FACTUAL AND PROCEDURAL BACKGROUND
I. Factual background.
Sam and Rene Anabi co-owned Sam Brothers. Sam Brothers bought from Shell Oil a gas station at 206 S. Diamond Bar Boulevard. In 2005, Sam Brothers and Shell entered into a retail sales agreement (RSA) obligating Sam Brothers to buy, and Shell to sell, a specified minimum amount of Shell-branded gasoline. Sam Brothers and Shell also entered into a retail facility development incentive program agreement, under which Sam Brothers would get a $500,000 "incentive" after developing or improving the site with, for example, a car wash or convenience store. If no improvements were made, Sam Brothers would not get the incentive.
They also entered into the retail technology incentive program agreement.
At trial, Anabi Oil contended that the incentive agreement was extended for one year, to February 28, 2009.
In or about May 2008, "Sheikhpour and/or Petrol Plus" bought the land and business from Sam Brothers and 206 S. Diamond Bar LLC, under a purchase agreement. The RSA and incentive agreements with Shell Oil were assigned to the buyers. Rene Anabi handled all negotiations regarding the sale, and Sam Anabi signed the purchase agreement.
In July 2010, Anabi Oil, formed by Rene and Sam Anabi, bought Shell's rights to distribute gasoline to retail locations, including to the Diamond Bar location. Anabi Oil therefore "stepped into Shell's shoes" under the RSA, becoming the gasoline supplier to the station now owned by Sheikhpour, who was therefore now obligated to buy gasoline from Anabi Oil. Sheikhpour, however, stopped buying gas from Anabi Oil in approximately April 2011.
II. Procedural background.
When Sheikhpour stopped buying gasoline from Anabi Oil, Anabi Oil sued Sheikhpour and Fry's 57 for breach of the RSA. Sheikhpour and Fry's 57 asserted a defense of fraud in the inducement. Sheikhpour also cross-complained against Sam Brothers, Inc.; 206 S. Diamond Bar Blvd.; Anabi Oil; and Sam Anabi for fraud and for negligent misrepresentation, based on allegations that cross-defendants failed to disclose the incentive agreement expired and misrepresented they had the permits and plans necessary to develop the gas station.
The case was tried by a jury. Before the special verdict form was submitted to the jury, the trial court removed, over Sheikhpour's and Fry's 57's objection, Anabi Oil and Sam Anabi as cross-defendants. The jury found for Anabi Oil on its breach of contract cause of action, awarding $581,432.37 in damages. As to the cross-complaint, the jury found, on count 2 for negligent misrepresentation, that cross-defendants made a false representation of material fact; that cross-defendants did not have reasonable grounds for believing the representation was true when made; that they intended Sheikhpour to rely on the representation; and that Sheikhpour reasonably relied on the representation, but that Sheikhpour's reliance on the representation was not a substantial factor in causing harm.

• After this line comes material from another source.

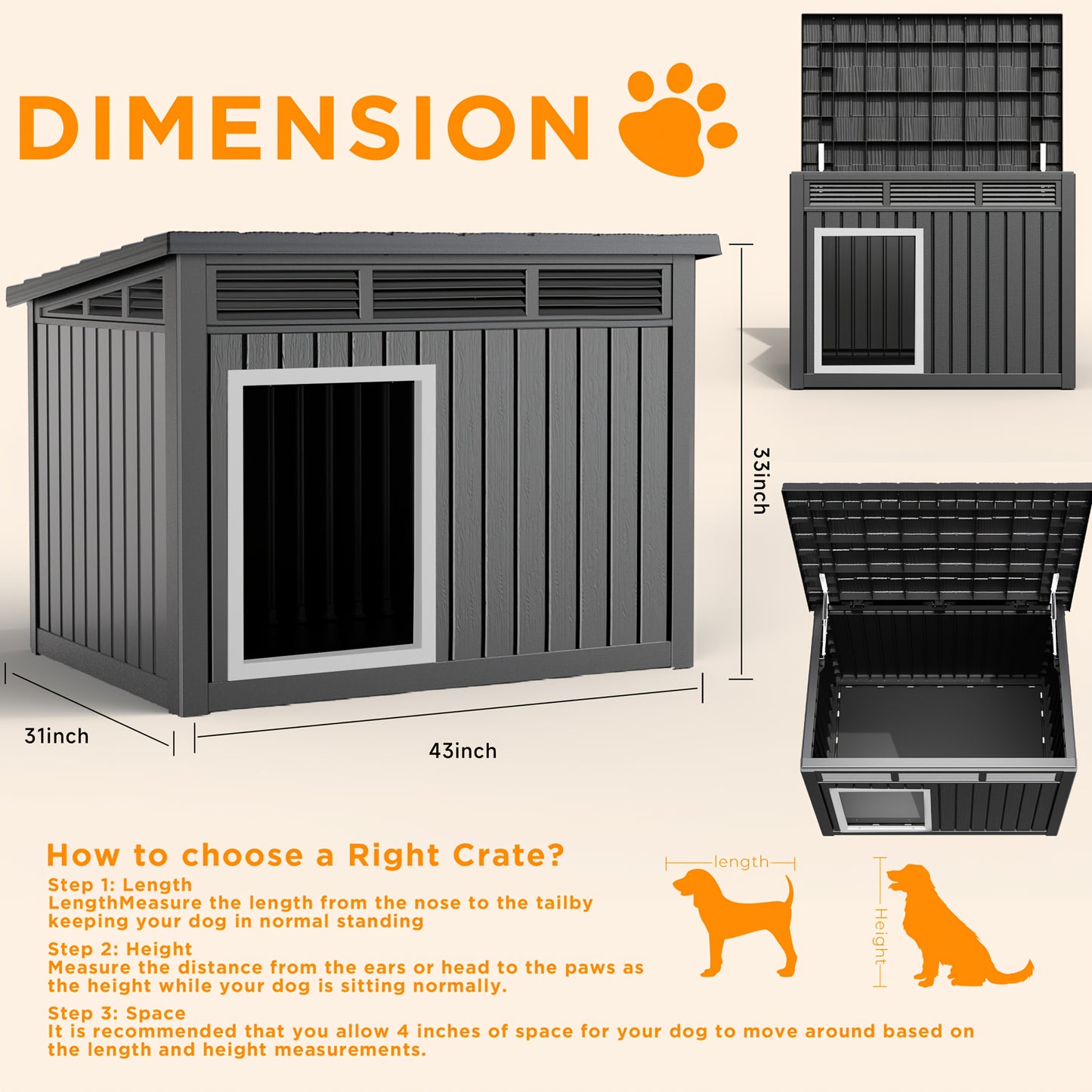 Heavy Duty Outdoor Dog Shelter With Slanted Roof Ventilated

On count 1 for fraud, the jury found that cross-defendants Sam Brothers and the 206 S. Diamond Bar LLC, made a false representation of an important fact but that they did not know the representation was false or did not make it recklessly and without regard for its truth.
Sheikhpour and Fry's 57 moved for a new trial on the ground, among others, that the verdict was inconsistent. (Code Civ. Proc., § 663.) On June 19, 2014, the trial court denied the motion. The court awarded attorney fees to Anabi Oil. This appeal followed.
APPEALABILITY
Before addressing the merits of the appeal, we address its timeliness. Judgment was entered on April 22, 2014, and notice of entry of judgment was served on April 25, 2014. Sheikhpour and Fry's 57 filed a notice of intent to move for a new trial on May 9, 2014. While that motion was pending, Fry's 57, but not Sheikhpour, filed for bankruptcy on May 30, 2014. The trial court denied the motion for new trial on June 19, 2014 as to Sheikhpour only, and the clerk served notice that same day. The court expressly noted that Fry's 57 had filed for bankruptcy, and therefore the court's ruling applied only to the individual. A notice of appeal was filed on August 15, 2014.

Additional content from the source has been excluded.